His wife Margaret, sister of Edward I, had died in 1275, but Alexander saw no cause to marry again. However, in June 1281 his younger son, David, fell ill and died at Stirling Castle; he was eight years old. The mourning weeds had to be shrugged aside to celebrate his daughter Margaret’s wedding and coronation in Bergen two months later. But on 9 April 1283, not two years after the marriage, Queen Margaret died at Tönsberg, apparently in childbirth. She was only twenty-two years old, and she left a sickly infant daughter, also christened Margaret, the ‘Maid of Norway’ who would be Queen of Scots for a brief time (see Chapter 9).

And then, less than a year later, came the third and cruellest blow so far: on 17 January 1284 Alexander’s elder son, Alexander the Prince of Scotland, who had been born on the very day twenty years earlier on which news of King Håkon’s death had reached his father, died at Lindores Abbey in Fife after a long illness.

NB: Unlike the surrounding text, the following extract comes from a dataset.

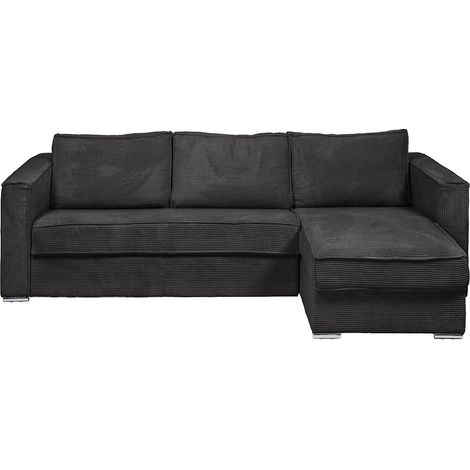 Canapé d'angle convertible express et réversible en velours côtelé gris anthracite - Couchage 140 cm - Matelas 22 cm avec mémoire de forme LORETO (1/4)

Young Alexander had been married for just over a year, and died without issue.

The widower king had now lost all three of his children, and Scotland had lost all the immediate male heirs to the throne. But tragedy has to be overcome, and Alexander and his nation set about picking up the pieces. On 5 February 1284 the magnates of Scotland, meeting at Scone, acknowledged the infant Princess Margaret, the Maid of Norway, as heir presumptive to the Scottish throne, failing any further issue of her grandfather. Some of the nobility were unhappy about it, however: not only was she an infant, she was also a girl – and there was no precedent for a female ruler of Scotland. Besides, many of them felt that they themselves had a better claim to the Scottish throne. They comforted themselves with the thought that Alexander, who was still in his early forties, had plenty of time in which to produce another son.

Alexander recognised that he had to marry again. The bride he chose was Yolande, Comtesse de Montford, daughter of Robert IV, Comte de Dreux, a vassal of Edward I of England. They married in Jedburgh Abbey on 14 October 1285. But once again tragedy struck, the worst tragedy of all. Only five months after the wedding, Alexander III’s thirty-six-year reign came to an abrupt end.